Florence Pugh is Katherine, a young Victorian woman sold into marriage. Her husband, Alexander (Paul Hilton), has no interest in her at all, and his father, Boris (Christopher Fairbank), is a brutal tyrant. Both men are often absent from home, and Katherine is alone and bored. At first she sleeps the days away; then she seeks solace in alcohol. And then she encounters Sebastian (Cosmo Jarvis), a farmhand, and they begin a passionate affair. So passionate, in fact, that it is dangerous, in a Heathcliff-Cathy kind of way; it’s surely no coincidence that these two women share a name. There is nothing Katherine won’t do to protect her illicit relationship,  and no one she won’t sacrifice. Even Sebastian himself isn’t safe: “I’d rather kill you than not have you with me,” she says.

This is an extraordinary debut by director, William Oldroyd (he’s made a couple of critically acclaimed shorts in the past, but this is his first full-length film), one of stark originality.
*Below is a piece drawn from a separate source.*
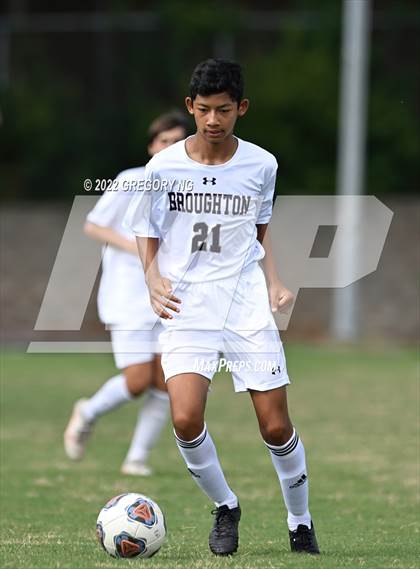 Thumbnail 3 in Broughton @ Panther Creek photogallery.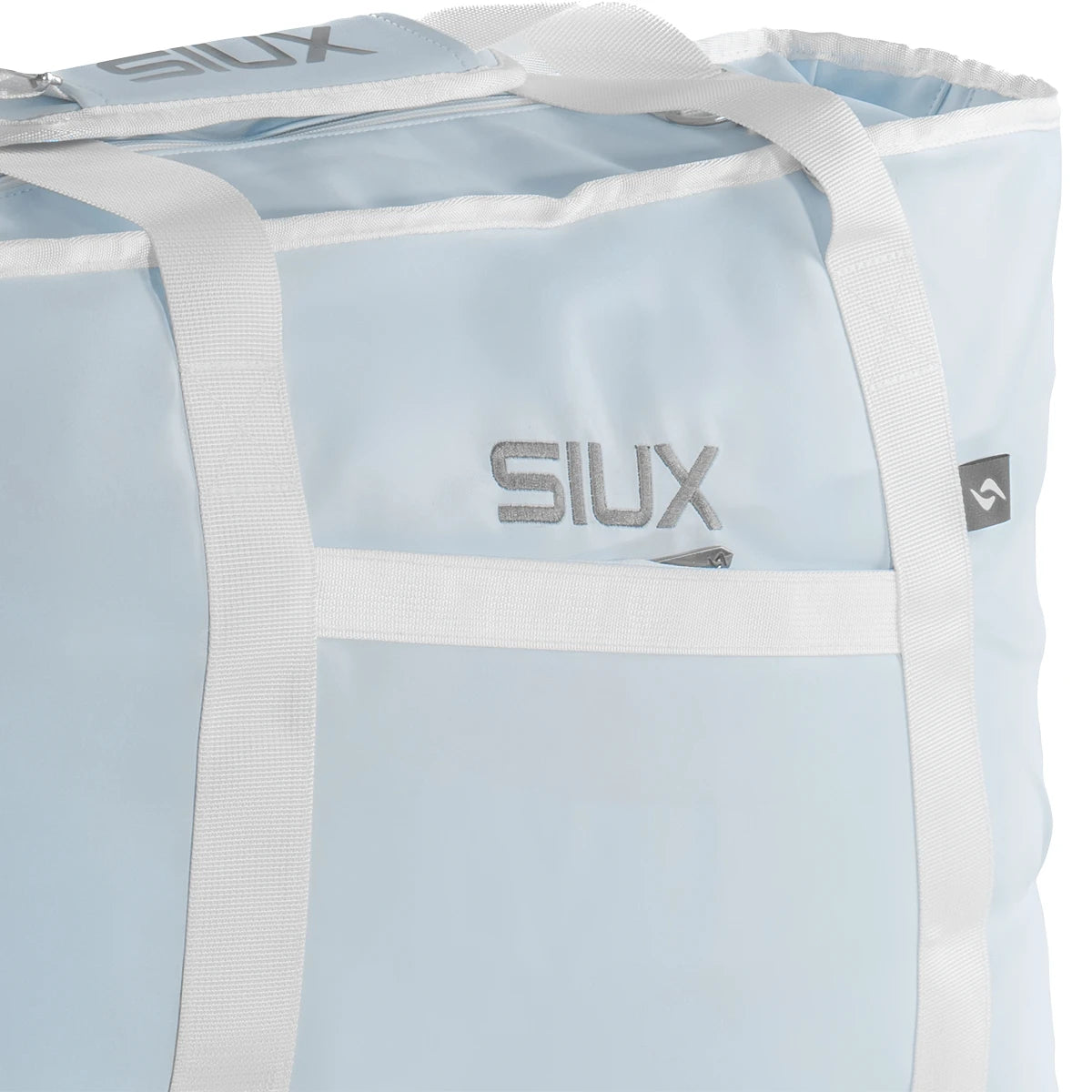 SAC DE PADEL DUFFLE SIUX THE QUEEN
It looks like other costume dramas, but it doesn’t feel like them at all. There’s no sound track, which is oddly disconcerting, and accentuates every noise in the horribly quiet house: the cat chewing, the floorboards creaking; everything grates and enervates. Katherine’s frustration is palpable.

This isn’t an easy watch: there is violence and savagery throughout. Katherine’s response to oppression is spirited to say the least; she refuses to be confined. Race and class are important themes here too: mixed-race Sebastian knows he – not she  – will be hanged if their crimes are discovered; black housemaid, Anna, is abused and exploited throughout. Katherine might be isolated, forced into a marriage she doesn’t want, but she has far more power and privilege than those with whom she spends her time.

Unlike her namesake, Katherine never wavers, never feels remorse. She’s powerful and subversive: loud when she’s supposed to be quiet; rebellious to the very end. Florence Pugh has an earthy vitality, and her performance is the foundation on which this remarkable film is built.